== Data section ==
**********
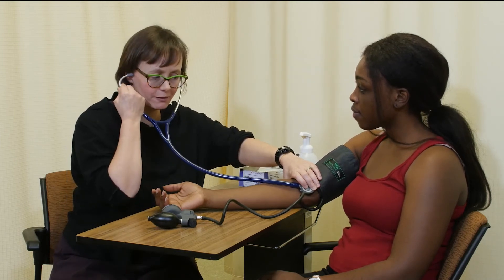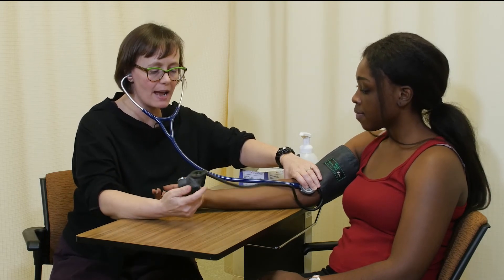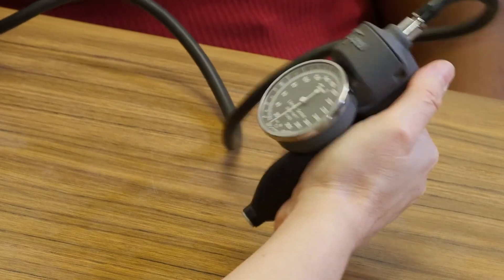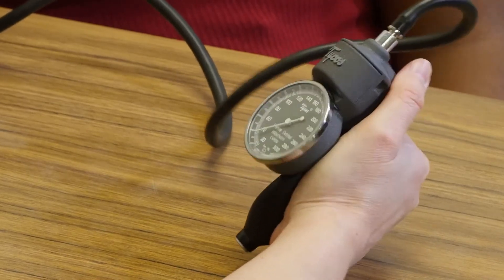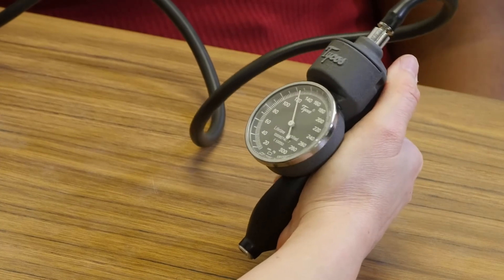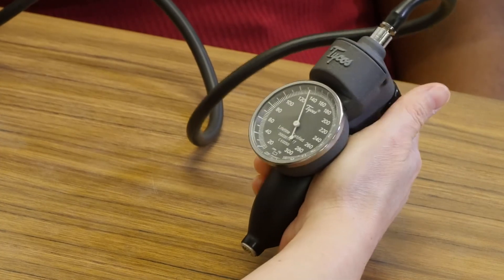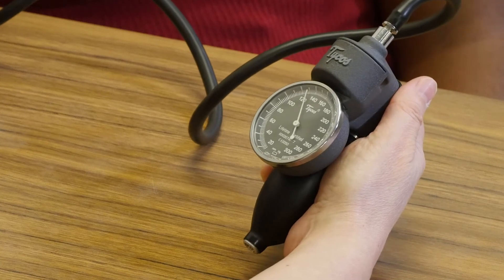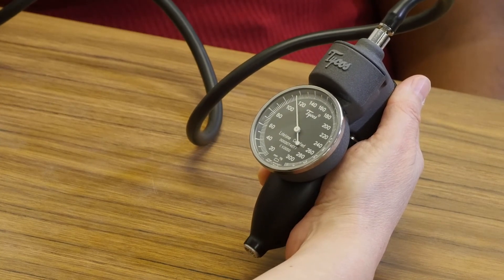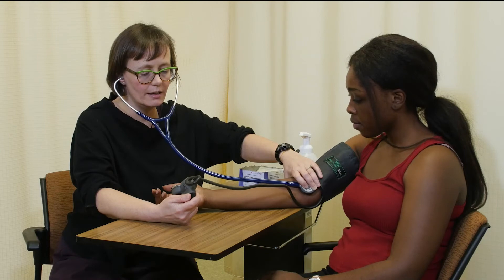I'm going to inflate the cuff — you're going to feel a little bit of pressure on your arm now. I'll close the valve and inflate the cuff to 130 millimeters of mercury, then slowly deflate, noting the systolic and noting the diastolic, and then quickly deflate.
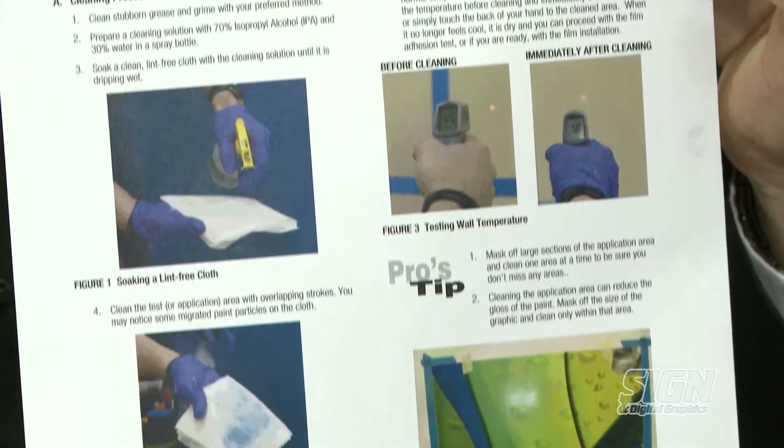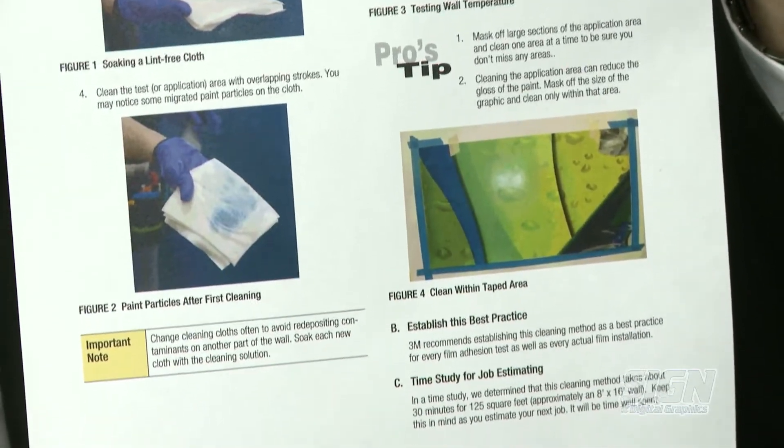3M has made available a sheet that people can download from the internet to get the details. This is a nice one-sheet simplified version of our enhanced adhesion cleaning method. We also have the 34-page full product bulletin and a wall test kit — we've got it all covered at 3Mgraphics.com. This is Ken Mergentime with Sign and Digital Graphics, signing off from the NBM Big Show in Indianapolis.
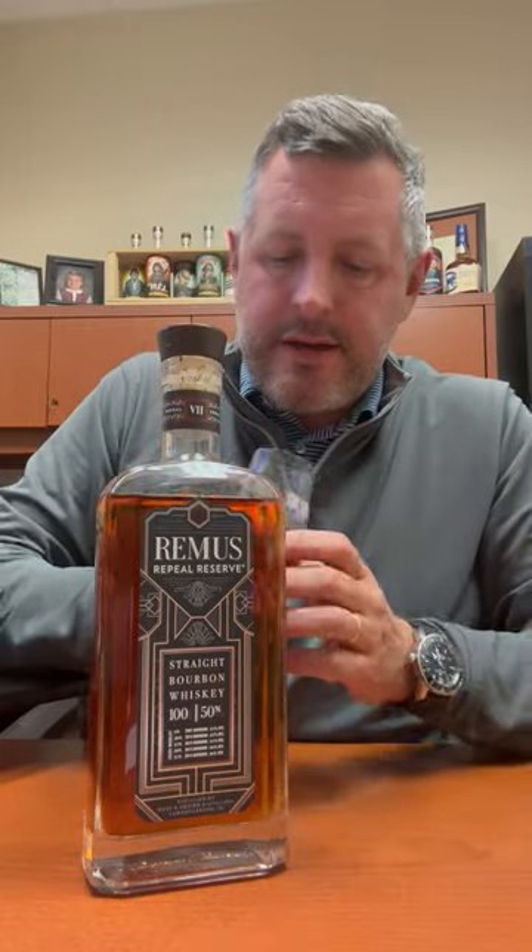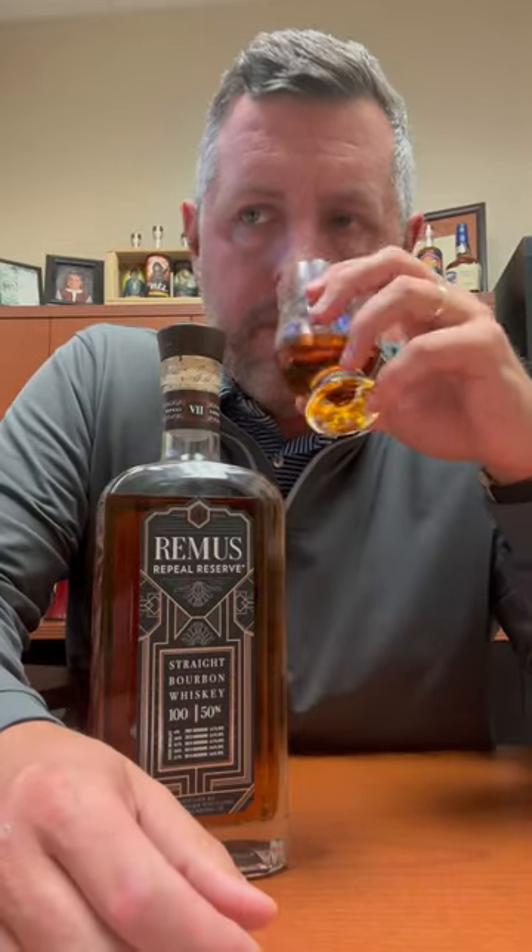It's got that flavor profile — obviously nice sweet orchard fruit on the nose, apple, pear, and there's a nice sweet cinnamon bun component to it as well. Pretty typical of these whiskeys. Taking a sip now.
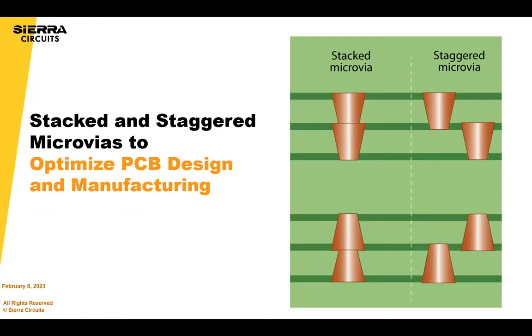Today we are talking about stacked and staggered microvias and really overall how to optimize your design for manufacturing. It's really a partnership between design engineers and the manufacturer to get the stack-up right, especially for a complex stack-up. I say this all the time, but it's really important to talk to your manufacturer as early as possible with what you're trying to do as you're making your critical stack-up decisions.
**********
== What is required ==
Transcribe exactly the lines from the one holding "It's got that" through the final line of the material above, both ends included; any pictures should be dropped.

== Response ==
It's got that flavor profile — obviously nice sweet orchard fruit on the nose, apple, pear, and there's a nice sweet cinnamon bun component to it as well. Pretty typical of these whiskeys. Taking a sip now.
Today we are talking about stacked and staggered microvias and really overall how to optimize your design for manufacturing. It's really a partnership between design engineers and the manufacturer to get the stack-up right, especially for a complex stack-up. I say this all the time, but it's really important to talk to your manufacturer as early as possible with what you're trying to do as you're making your critical stack-up decisions.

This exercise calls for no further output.